Material provided
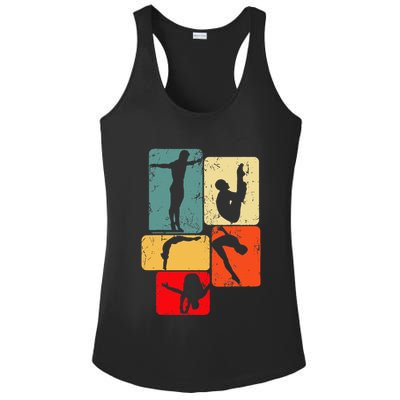 Springboard Diving Springboard Diver Platform Diving Ladies PosiCharge Competitor Racerback Tank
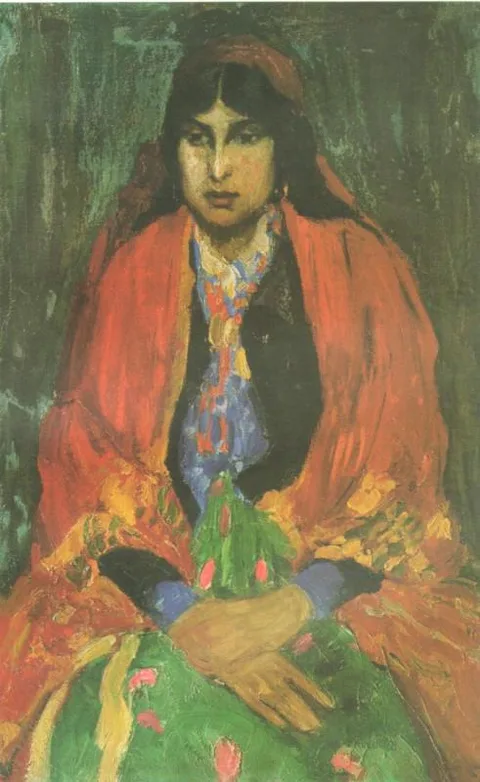 Boris Anisfeld, Gypsy Woman. A Study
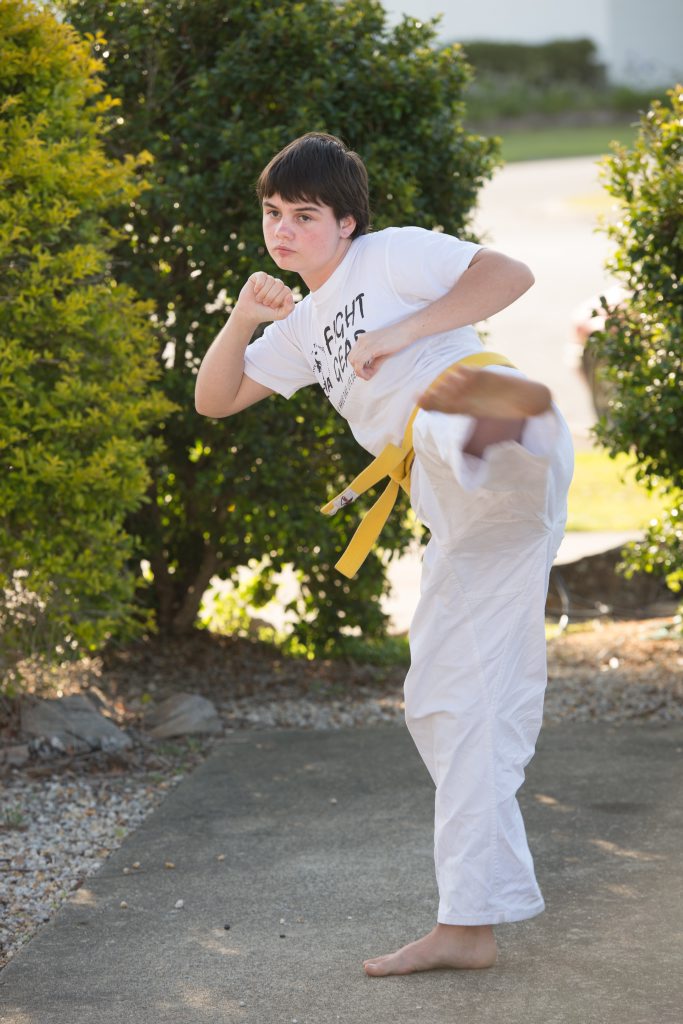 Tae Kwon Do student Crystal Trost.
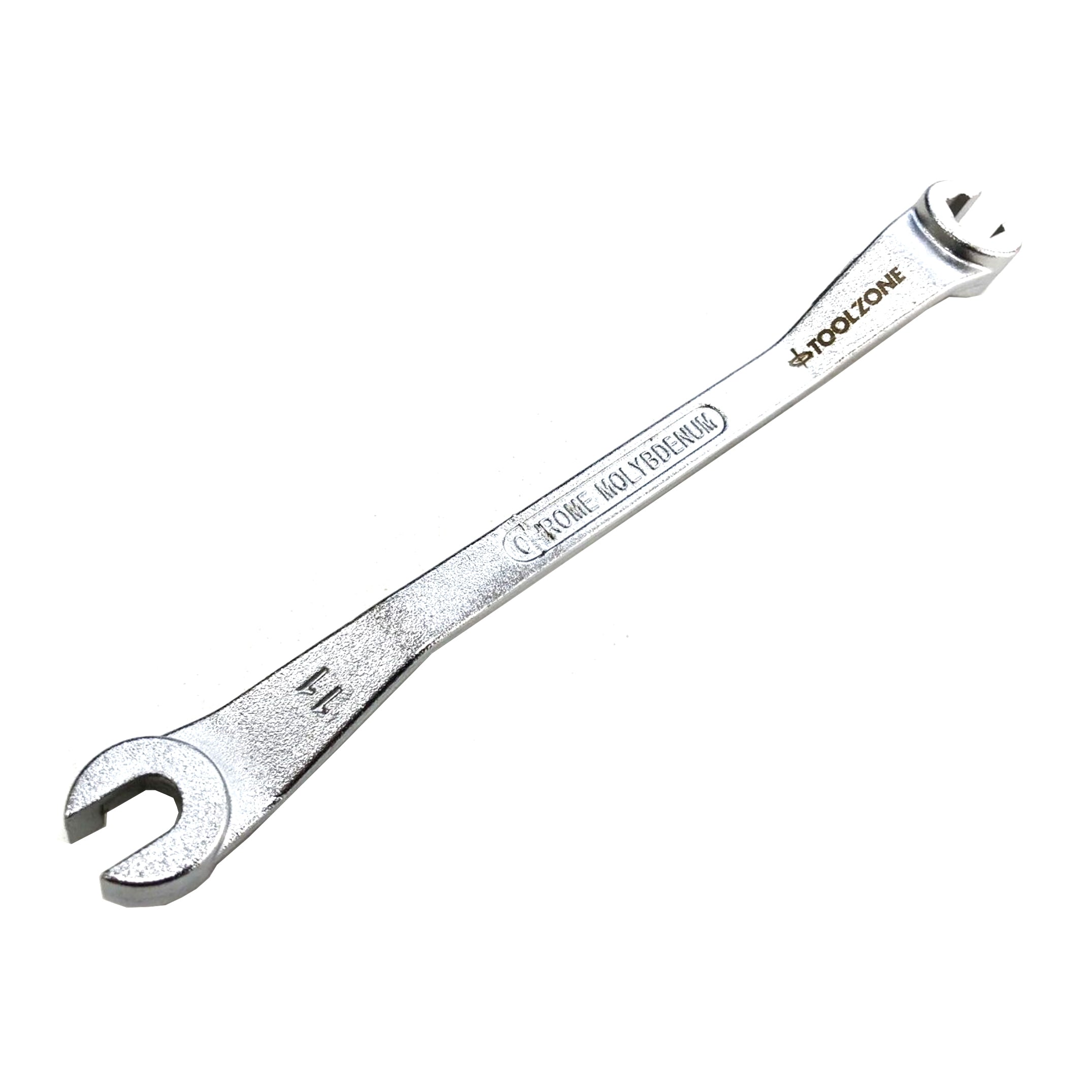BRAKE LINE SPANNER 10 x 11mm 180mm OFFSET DESIGN - TOOLZONE KDPSP196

Exercise
Repeat the data in full, exactly as it stands, but drop every picture.

Task output
 Springboard Diving Springboard Diver Platform Diving Ladies PosiCharge Competitor Racerback Tank
 Boris Anisfeld, Gypsy Woman. A Study
 Tae Kwon Do student Crystal Trost.
BRAKE LINE SPANNER 10 x 11mm 180mm OFFSET DESIGN - TOOLZONE KDPSP196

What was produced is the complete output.